### Required work
Copy out the data exactly, leaving the pictures behind.

Information shown: Begin

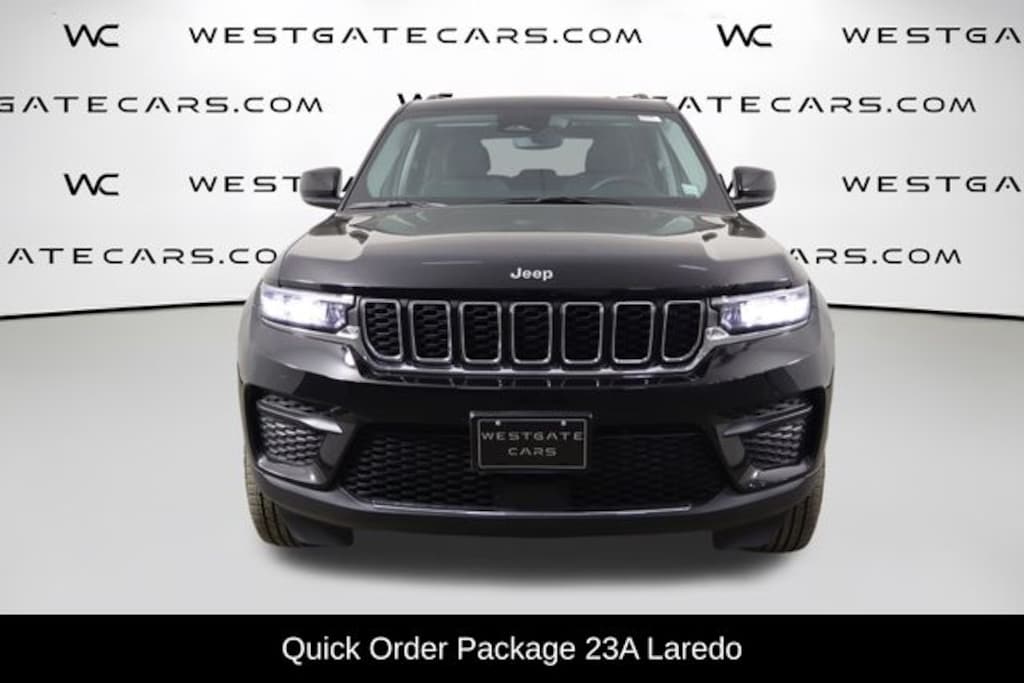 Used 2023 Jeep Grand Cherokee Laredo SUV
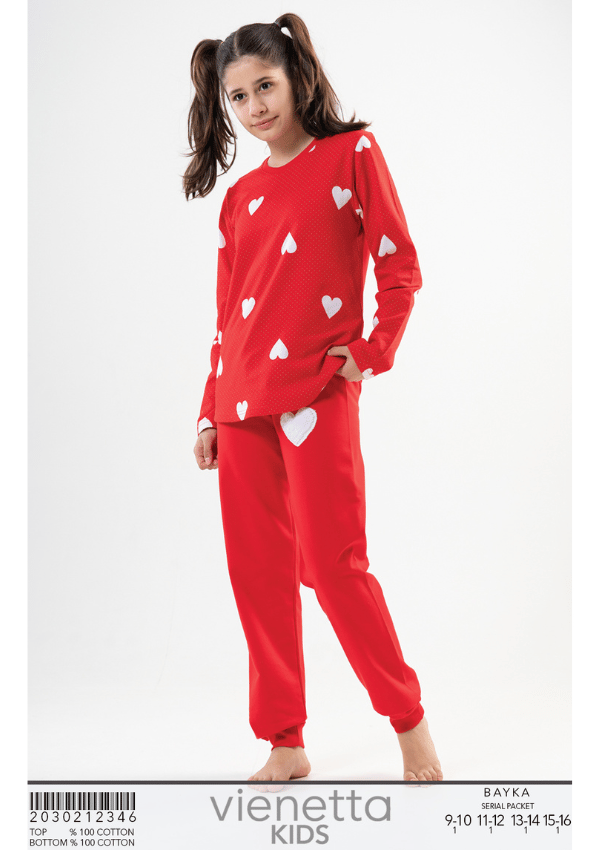 Flickpyjamas i bomull Vienetta 9/10 134 isolerad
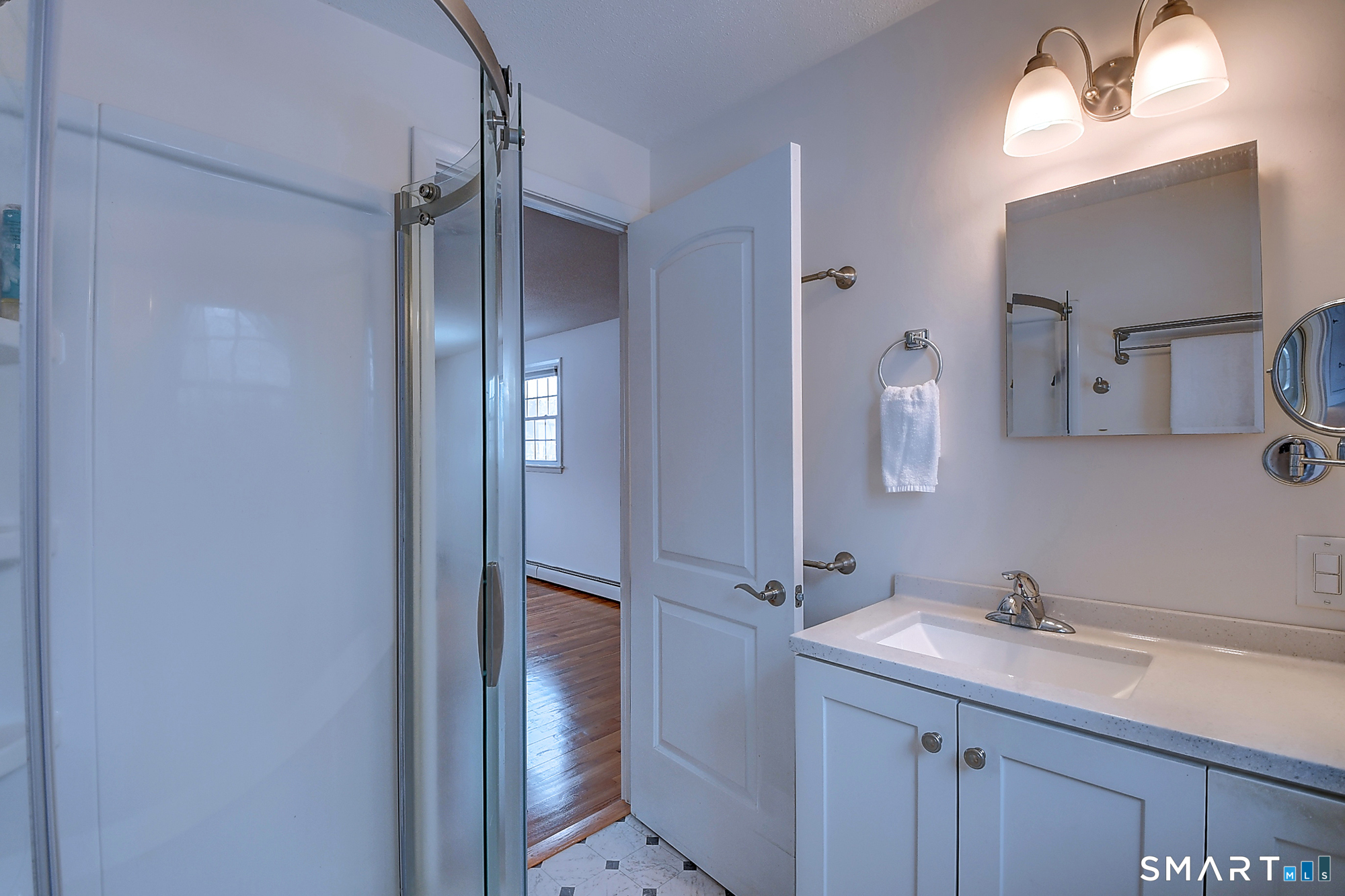 22 Apple Tree Lane Windsor CT 06095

Information shown: End

### Reply
 Used 2023 Jeep Grand Cherokee Laredo SUV
 Flickpyjamas i bomull Vienetta 9/10 134 isolerad
 22 Apple Tree Lane Windsor CT 06095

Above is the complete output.